I’m guessing that one reason we don’t celebrate Halloween with a worship service is that the common practice today is to move All Saints Day to the Sunday immediately following October 31st. Another reason is the candy and “trick or treating.”

In the early church, the Christian Mass was not only celebrated on Sundays but was celebrated during the rest of the week, but especially on designated feast days for designated saints of the church. For example, the feast day for St Francis of Assisi is October 4th, and Saint Bruno is the 6th ( the feast day for St Harvey is June 17th). Not every day of the month is designated as a feast day, but most days are.

In the Catholic Church, there are specific requirements to be named a saint, one requirement being dead. In the Lutheran Church, all believers are saints. Martin Luther said that because of the grace of God, while we are sinners, we are simultaneously saints at the same time.

So, November 1st is designated as All Saints Day; a Mass on this day would pray for and celebrate all the Saints. But…

Halloween/All Hallows Eve happened to coincide with the pagan Celtic people’s celebration of Samhain. Samhain was the Celtic New Year’s Eve: a time to ward off and frighten away evil spirits. In the Celtic religions, this was the night when the spirits of the dead were supposed to visit their homes. The concept of dressing up in costumes to frighten away the evil spirits arises from these pagan superstitions.

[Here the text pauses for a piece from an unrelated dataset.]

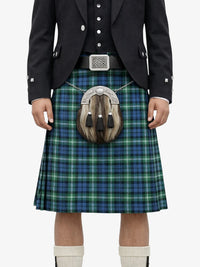 Person wearing a traditional Scottish kilt with a sporran on a white background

If you get a chance, do an internet search and listen to the symphonic music of “Night on Bald Mountain” by Mussorgsky. The music is a tone-poem of Halloween with images of spirits and spookiness on the mountain that are dispersed by the rising sun at the break of day.

The origins of Halloween are a mixture of both the holy and the pagan. But today, Halloween is the inspiration for a lot of great music and a reason for lots of family fun with the costumes, parties and candy.